Is The World Ready For A North Korean Collapse?
With tensions continuing to rise on the Korean Peninsula and the latest round of talks in China seemingly ending with no real progress, some analysts are wondering if the world is prepared for the effects of a collapse of the Pyongyang regime:
[G]iven the worsening economy, the inexperience of the putative successor and the unknown reliability of the Korean military and security forces in the event of Kim Jong-il’s death, the rest of East Asia should be prepared for a scenario of rapid collapse in North Korea.
What is most worrying about a possible North Korean collapse is that the key players in the region are not talking to each other, even informally, about such an eventuality. It’s almost certain that these powers—China, the United States, Japan, South Korea and, possibly, Russia—have all drawn up their own contingency plans for Pyongyang’s quick collapse. However, they’ve done nothing to explore a collective response to what is without doubt a geopolitical game-changer.
As a result, many crucial questions remain unanswered. For instance, how should the United States and South Korea react if China sends combat troops into North Korea to conduct ‘humanitarian assistance’ missions? In all likelihood, Beijing will be tempted to do so if millions of refugees start fleeing into China. Which country will take the lead in securing nuclear materials? How will China respond to the crossing of the 38th parallel by South Korean and US forces? Who will take the lead in reaching out to Pyongyang’s post-Kim regime? What will be the collective security architecture after the Korean peninsula is reunified?
Bonnie S Glaser and Scott Snyder voice similar concerns:
It is premature to predict near-term regime collapse in North Korea, but it is not too early for major regional parties to plan for the effects of instability, potentially including massive refugee flows and unsecure nuclear weapons, materials, facilities, and knowhow that could be smuggled out of the North and into the hands of the highest bidder. Responses to instability could include decisions by China, South Korea and the US to dispatch troops into North Korea to restore order and to locate and secure weapons of mass destruction facilities. Absent advance coordination, these forces could come into conflict with each other.
The US cannot afford to let great power politics stand in the way of planning an effective response to North Korean instability; the risks are simply too great. Instead, it should seek to create favorable conditions for the primary parties, namely itself, South Korea, and China, to discuss likely responses to North Korean instability, while keeping its ally Japan informed.
All three governments should be prepared to offer reassurances to reduce the likelihood of miscalculation in the event of instability in North Korea. For example, the US could assure that it would work with the United Nations; would coordinate with China to secure WMD facilities, materials, and expertise; and would not station troops north of the 38th parallel after stabilization and reconstruction operations are completed. At the same time, the allies should seek assurances from Beijing that it would not intervene in North Korea’s domestic political situation to prop up a failing regime and would not obstruct ROK reunification efforts. Moreover, all three nations should agree that their armies would not engage each other in the North, and that no nation would exploit instability in the DPRK as an excuse to threaten any other state.

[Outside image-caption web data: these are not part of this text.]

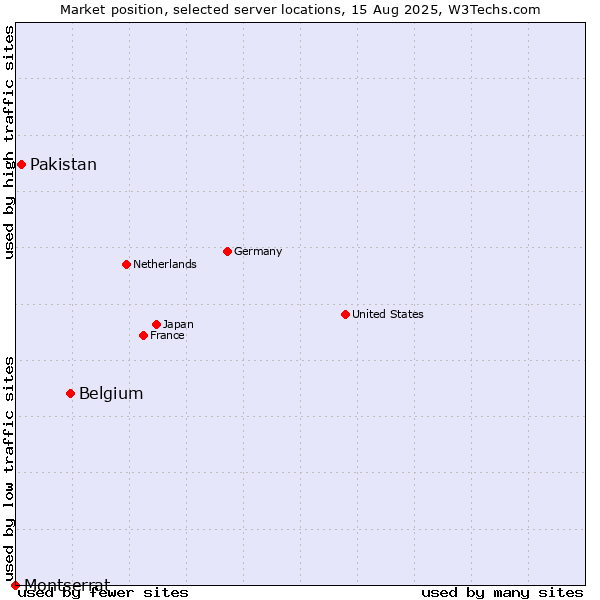 Market position of Belgium vs. Pakistan vs. Montserrat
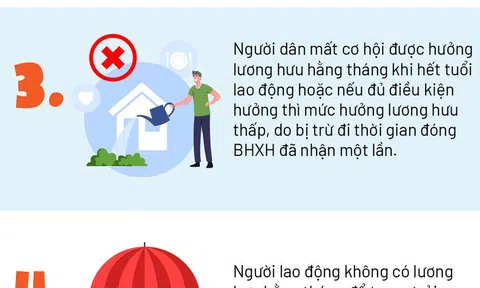 (Infographic) 7 thiệt thòi khi người lao động nhận BHXH 1 lần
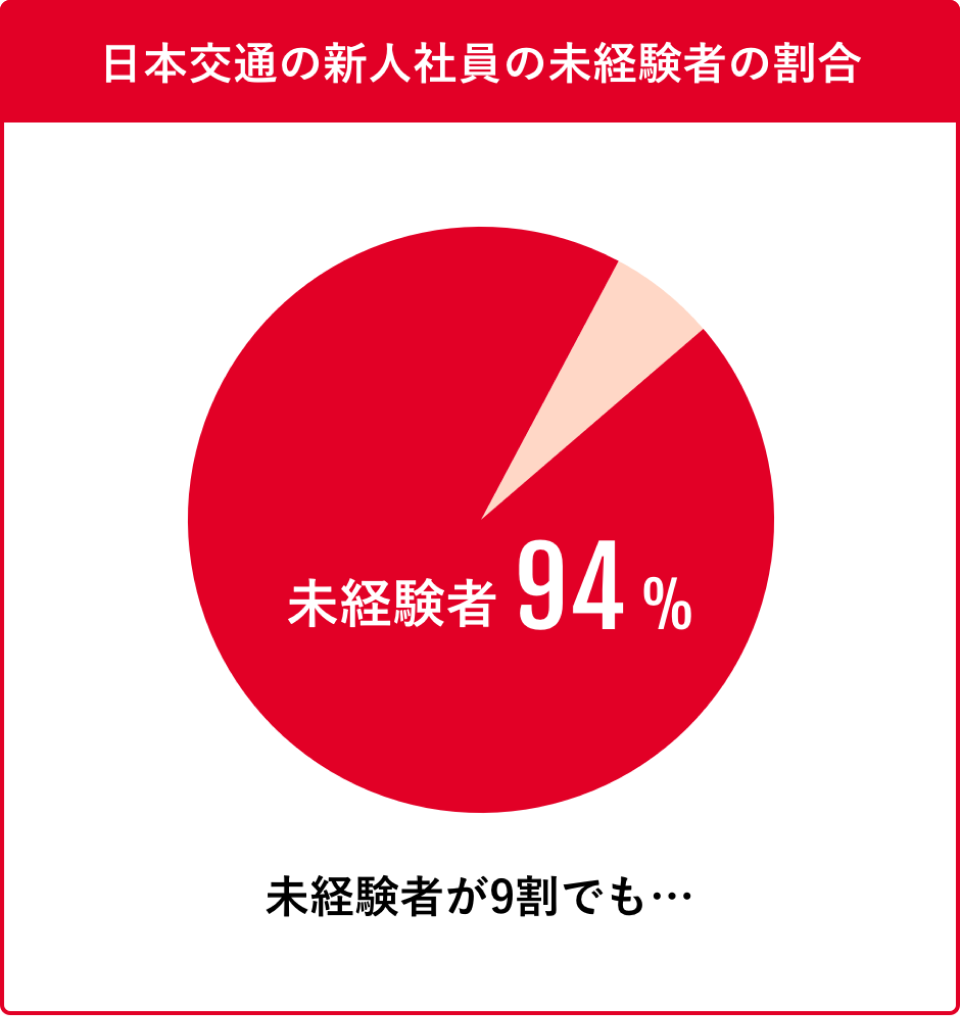 日本交通の新人社員の未経験者の割合 未経験者94% 未経験者が9割でも・・・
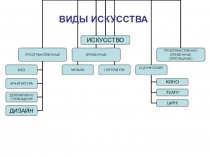 Презентация к уроку искусства Искусство вокруг нас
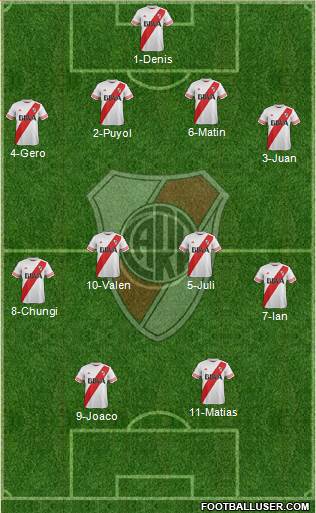 River Plate Formation 2016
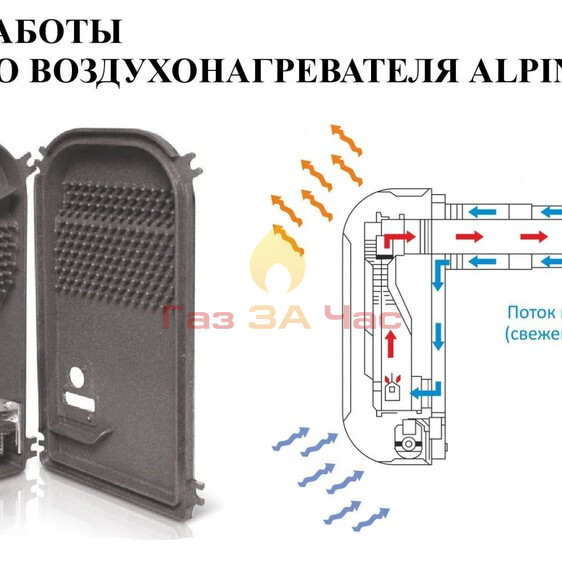 Газовый обогреватель конвектор Alpine Air NGS-20F6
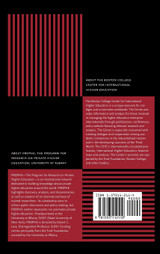 Private Higher Education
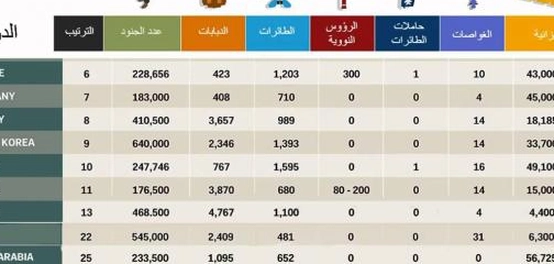 تصنيف القوى العالمية: الدول الخمس الأكثر نفوذاً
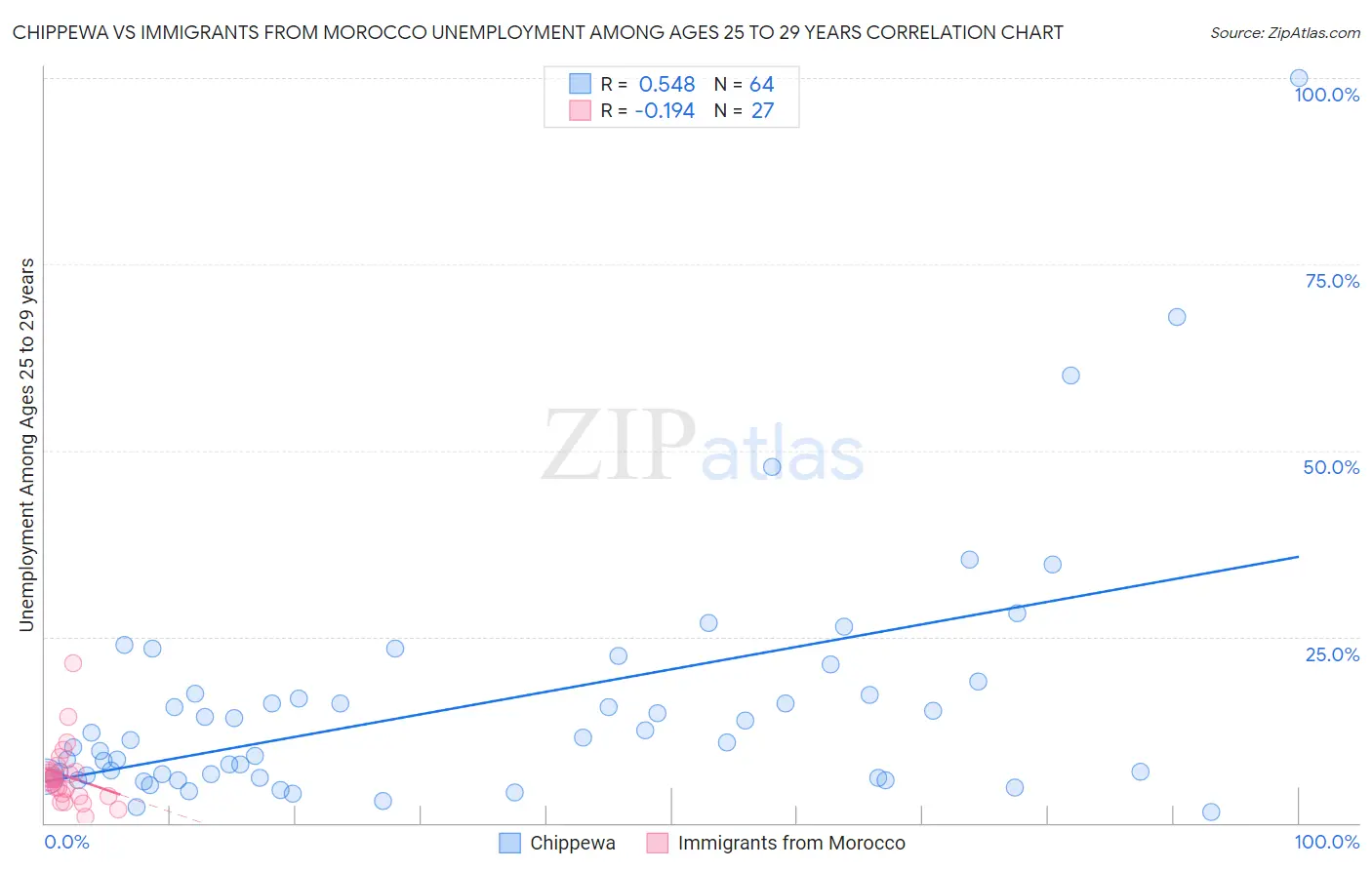 Chippewa vs Immigrants from Morocco Unemployment Among Ages 25 to 29 years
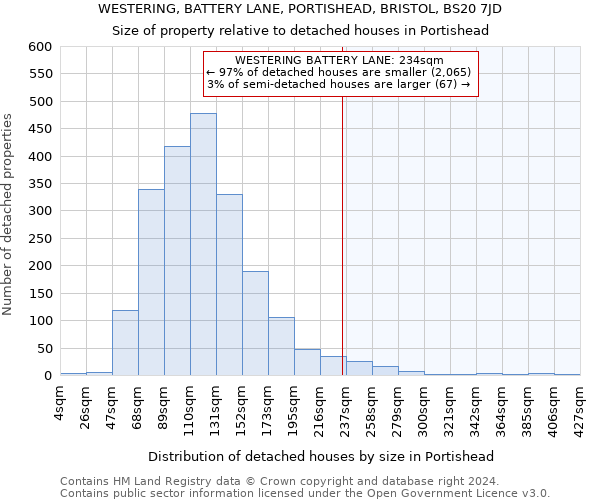 WESTERING, BATTERY LANE, PORTISHEAD, BRISTOL, BS20 7JD: Size of property relative to detached houses in Portishead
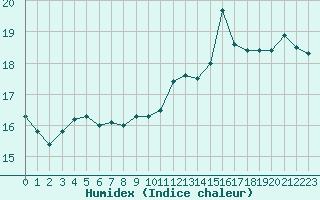 Courbe de l'humidex pour Saint-Cyprien (66)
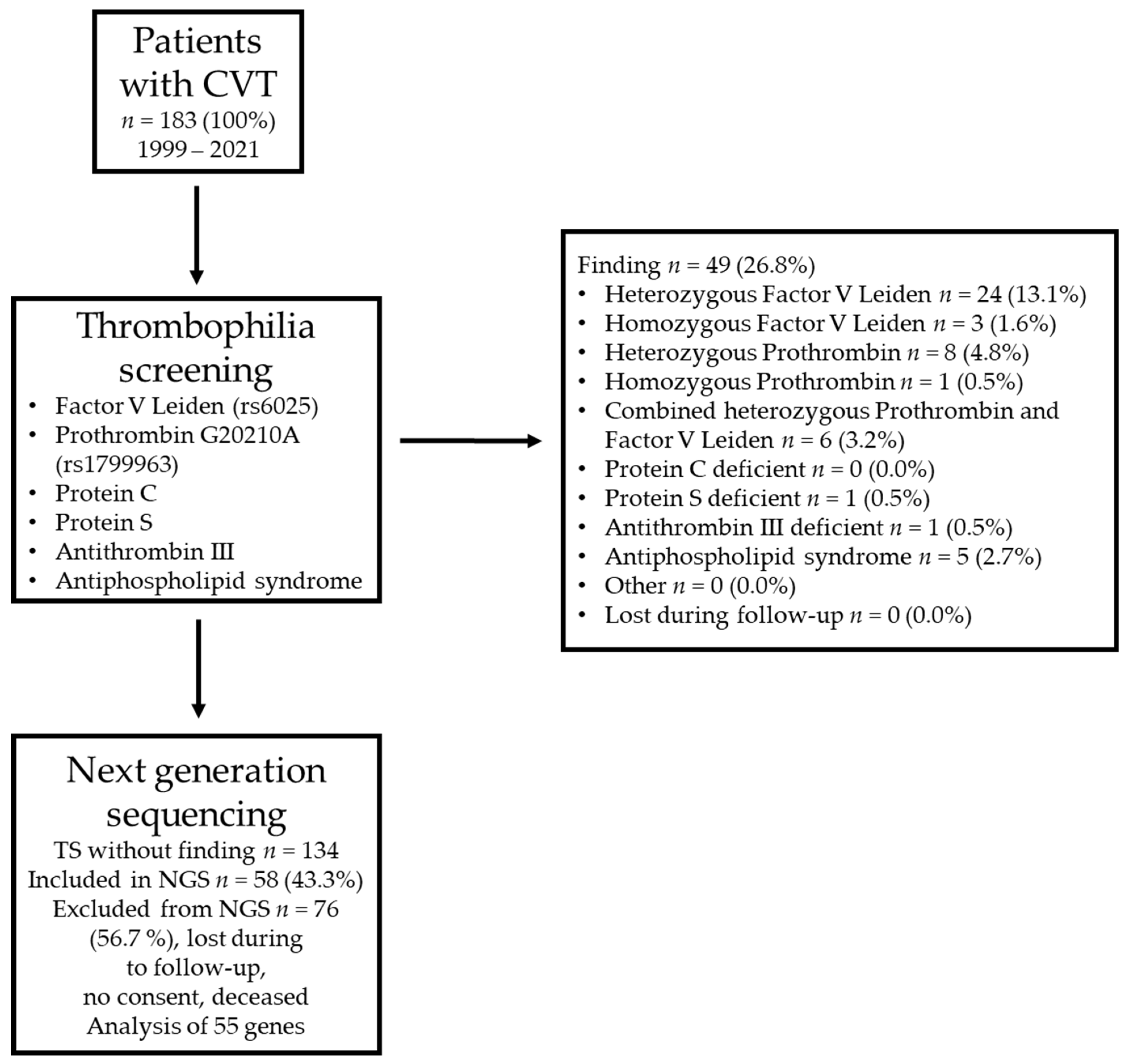 Ijms 24 07976 g001 Ijms 24 07976 g001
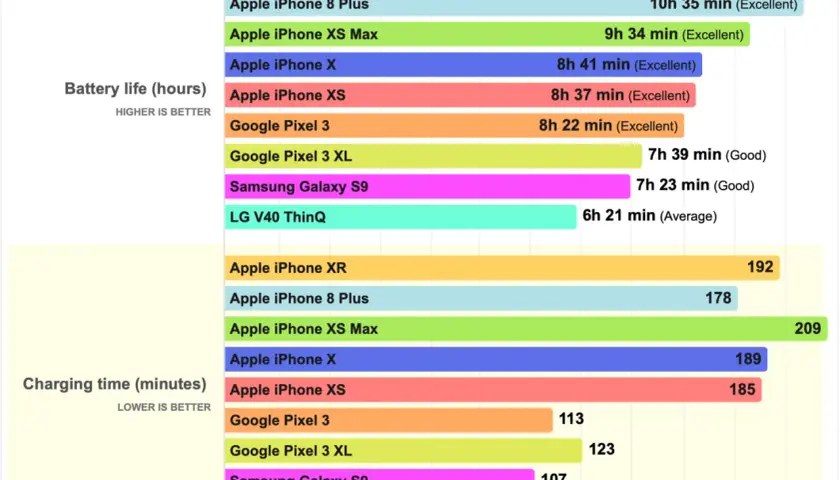 Porównanie czasu pracy baterii i ładowania smartfonów, w tym pojemności baterii iPhone. iPhone XR ma najdłuższy czas pracy.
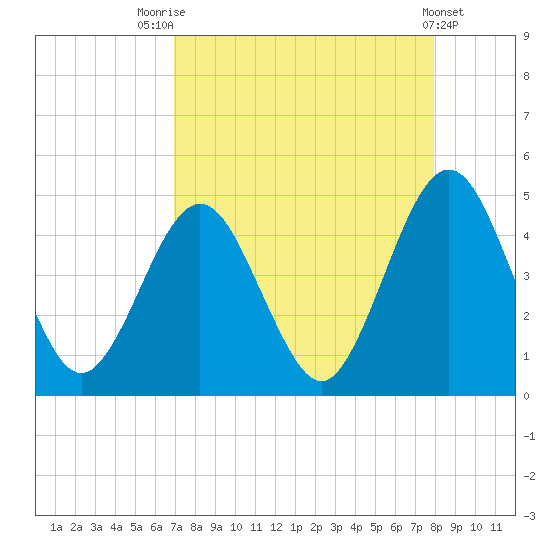 Simpson Creek tide chart for Thursday, August 25, 2022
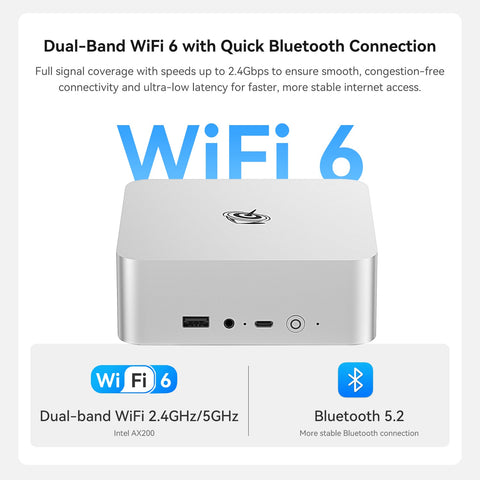 Beelink EQi13 Pro Intel® Core™ 13500H/13620H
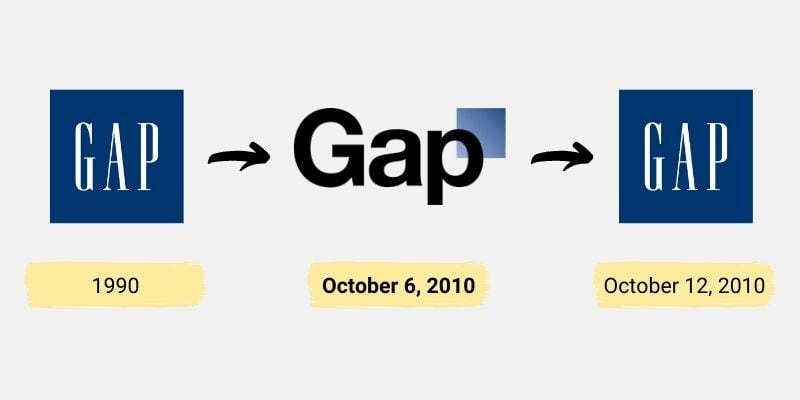 Logo de Gap rétabli après échec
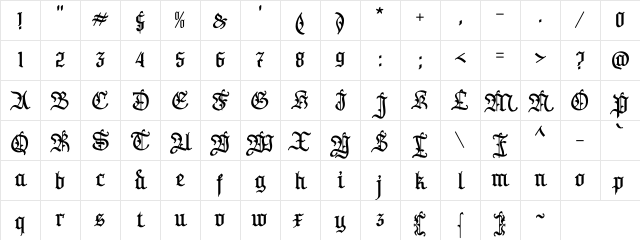 A Anggaran Dasar Regular Character Map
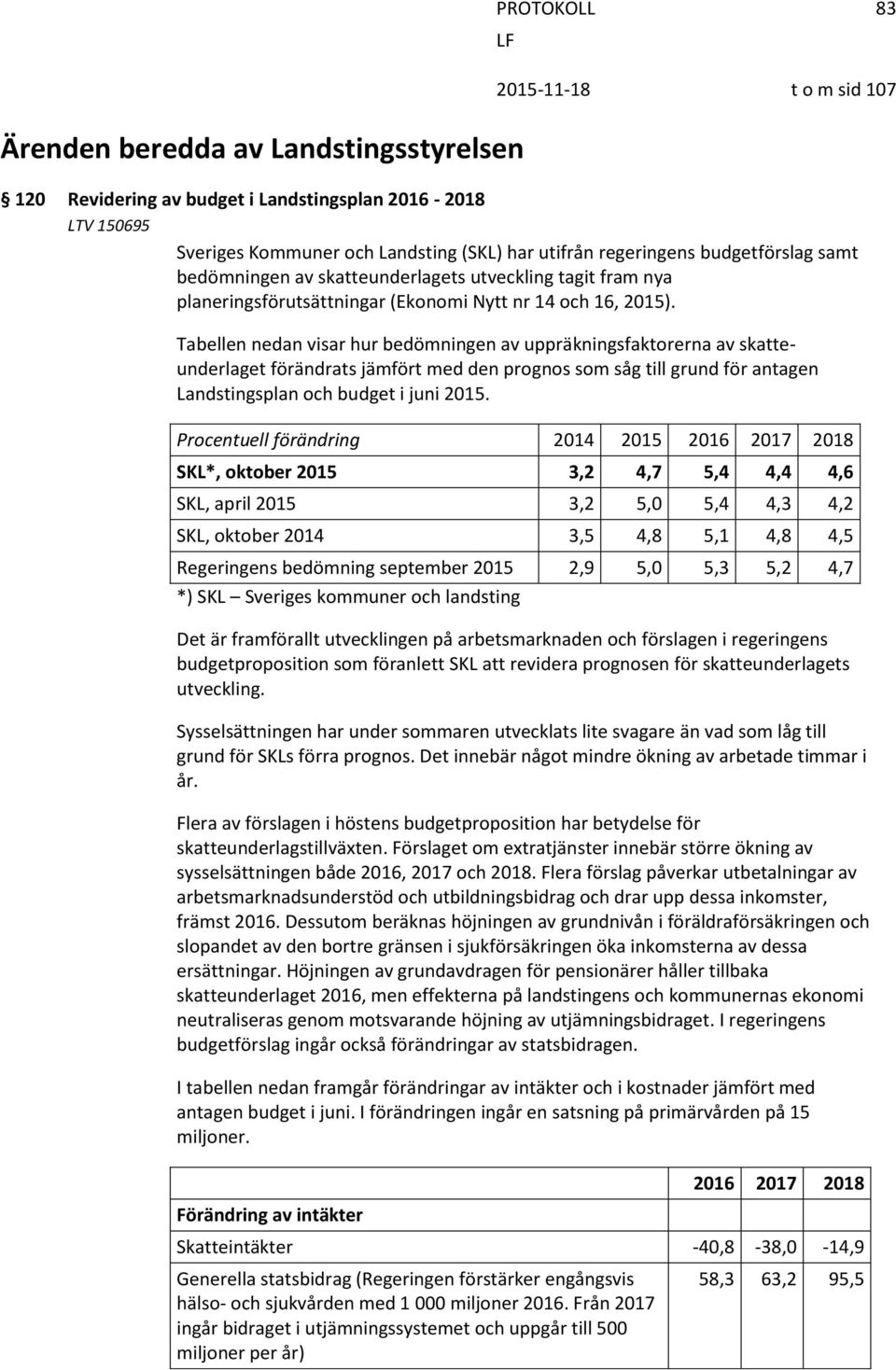 Tabellen nedan visar hur bedömningen av uppräkningsfaktorerna av skatteunderlaget förändrats jämfört med den prognos som såg till grund för antagen Landstingsplan och budget i juni 2015.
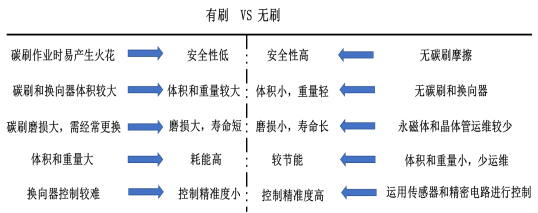 无刷马达将迎来数千亿美金的市场前景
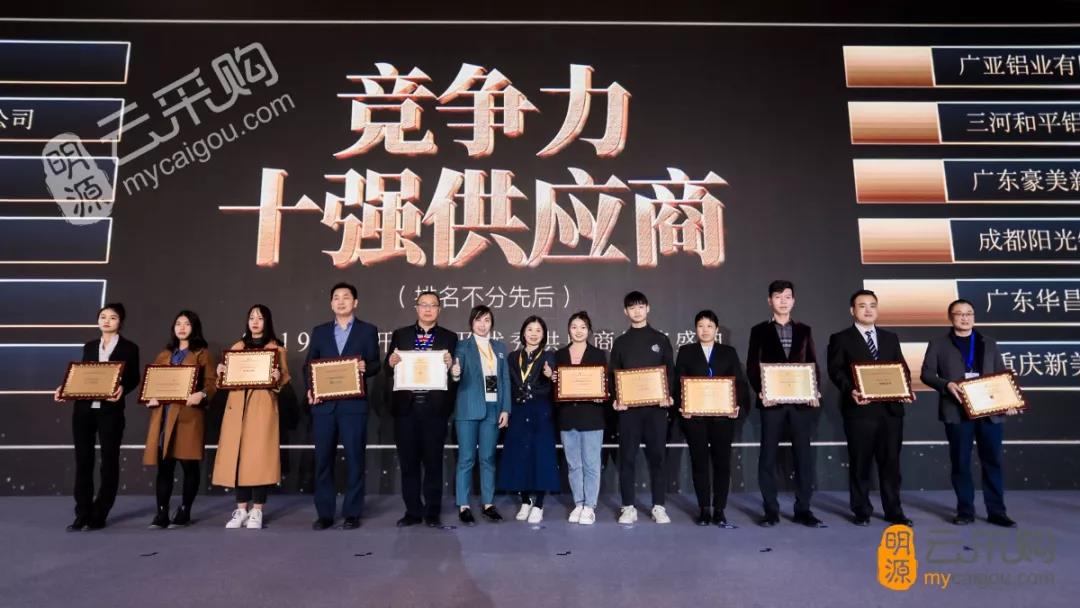 【喜訊】華昌鋁業(yè)榮獲2019年度中國房地產(chǎn)供應(yīng)商“競爭力十強（型材類）”稱號！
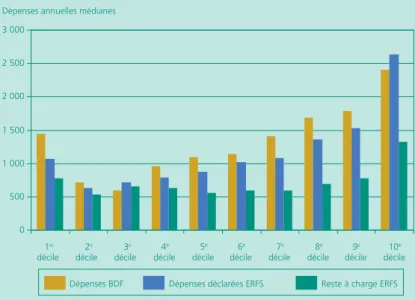 Graphique B • Dépenses médianes selon le décile* de niveau de vie en 2011,  selon les données fiscales et les données d’enquête 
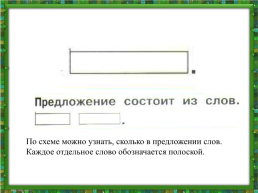Презентация к 3 уроку обучения грамоте (1 класс) умк «Школа России», слайд 14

Given China’s strange relationship with North Korea, it’s hard to know whether this topic has even been hinted at in any of the discussions with the United States and other powers, but if it isn’t, it most assuredly should be. In addition to likely being a massive humanitarian disaster, a sudden collapse of the Kim regime has the potential to be a powder keg that ends with two nuclear powers staring at each other across the 38th Parallel while someone tries to figure out how to deal with the 22 million residents of a former dictatorship.